GOAL OF THE EXERCISE: This exercise asks for an exact copy of every entry below, with pictures omitted.
[[ EXTRACTED RECORDS, beginning ]]
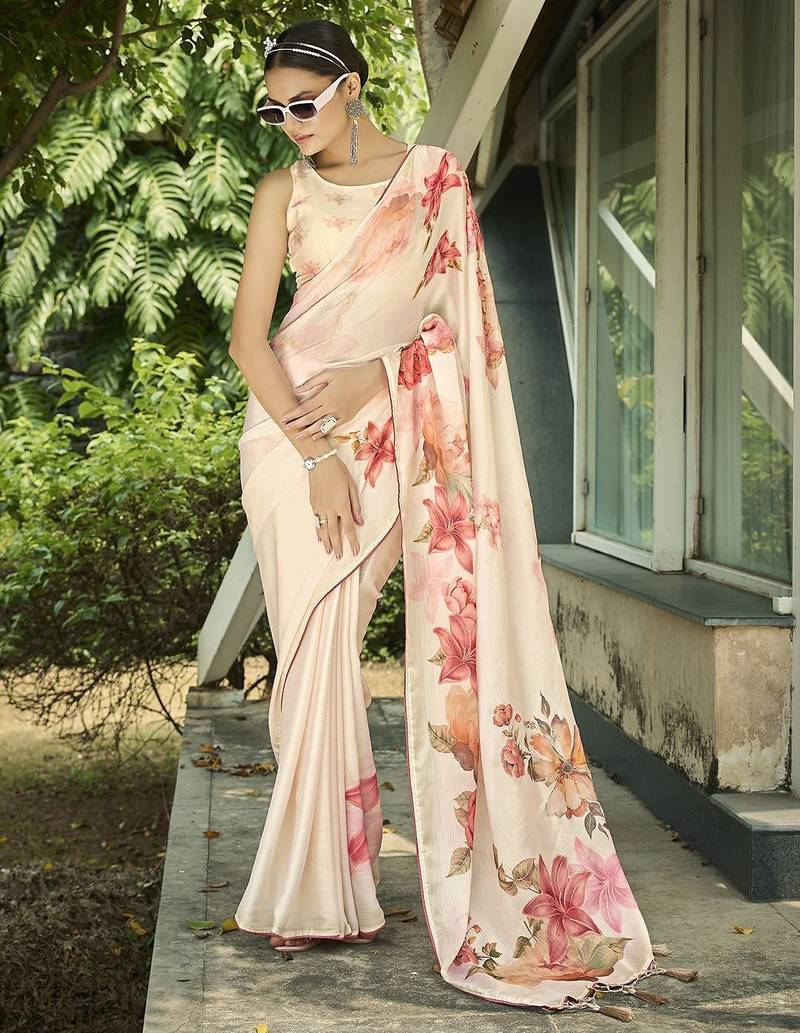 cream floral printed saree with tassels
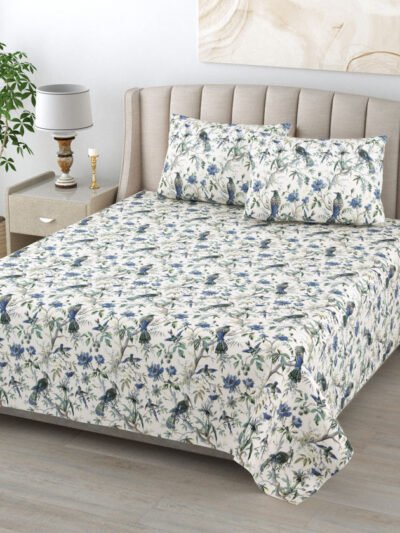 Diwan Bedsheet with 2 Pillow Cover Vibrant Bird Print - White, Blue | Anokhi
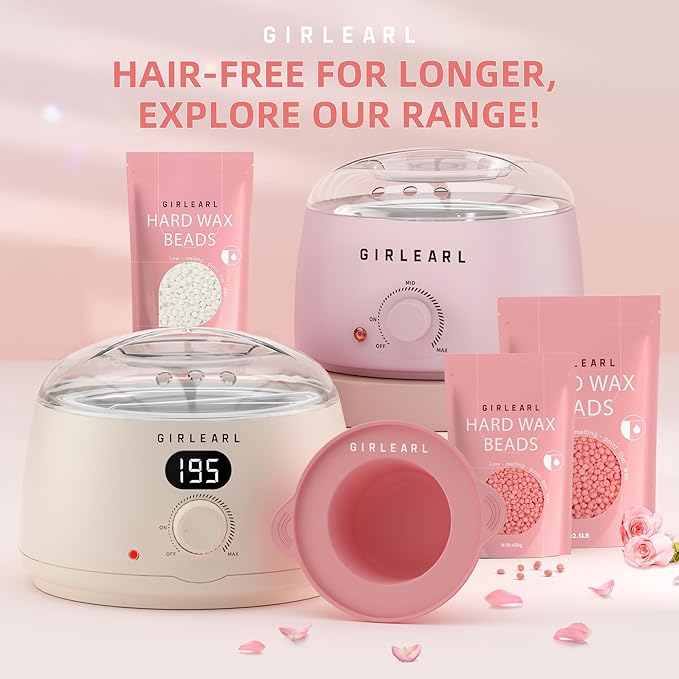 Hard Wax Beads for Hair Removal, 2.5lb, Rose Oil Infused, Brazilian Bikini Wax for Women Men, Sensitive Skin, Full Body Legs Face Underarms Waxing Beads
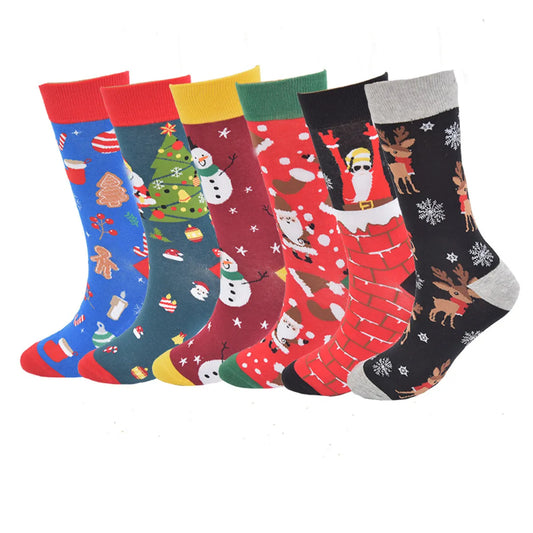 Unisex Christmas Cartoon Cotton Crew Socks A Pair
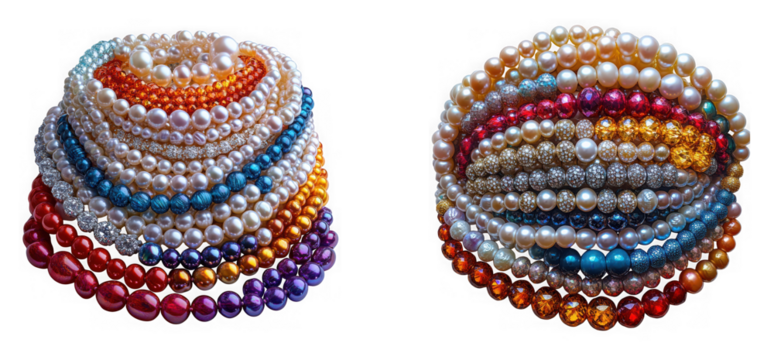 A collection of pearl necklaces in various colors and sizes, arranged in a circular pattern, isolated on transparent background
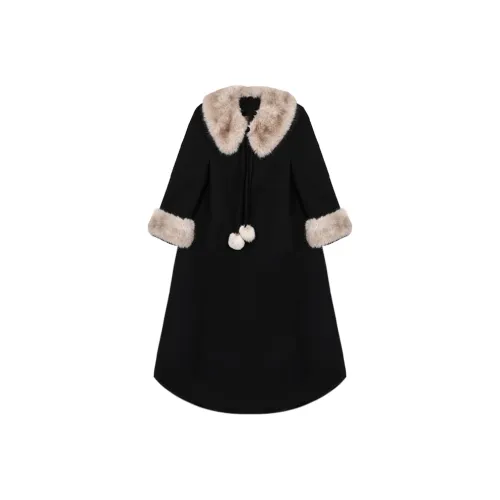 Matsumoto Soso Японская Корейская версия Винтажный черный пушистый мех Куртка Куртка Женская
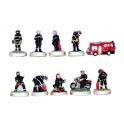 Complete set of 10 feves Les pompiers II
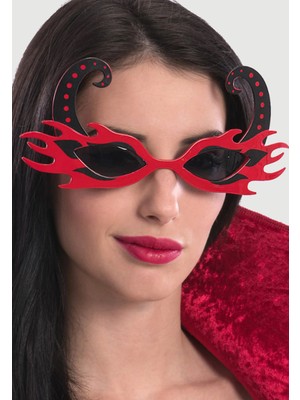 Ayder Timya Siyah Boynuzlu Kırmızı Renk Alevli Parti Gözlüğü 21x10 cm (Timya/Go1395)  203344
[[ EXTRACTED RECORDS, end ]]
EXPECTED OUTPUT:
 cream floral printed saree with tassels
 Diwan Bedsheet with 2 Pillow Cover Vibrant Bird Print - White, Blue | Anokhi
 Hard Wax Beads for Hair Removal, 2.5lb, Rose Oil Infused, Brazilian Bikini Wax for Women Men, Sensitive Skin, Full Body Legs Face Underarms Waxing Beads
 Unisex Christmas Cartoon Cotton Crew Socks A Pair
 A collection of pearl necklaces in various colors and sizes, arranged in a circular pattern, isolated on transparent background
 Matsumoto Soso Японская Корейская версия Винтажный черный пушистый мех Куртка Куртка Женская
 Complete set of 10 feves Les pompiers II
 Ayder Timya Siyah Boynuzlu Kırmızı Renk Alevli Parti Gözlüğü 21x10 cm (Timya/Go1395)  203344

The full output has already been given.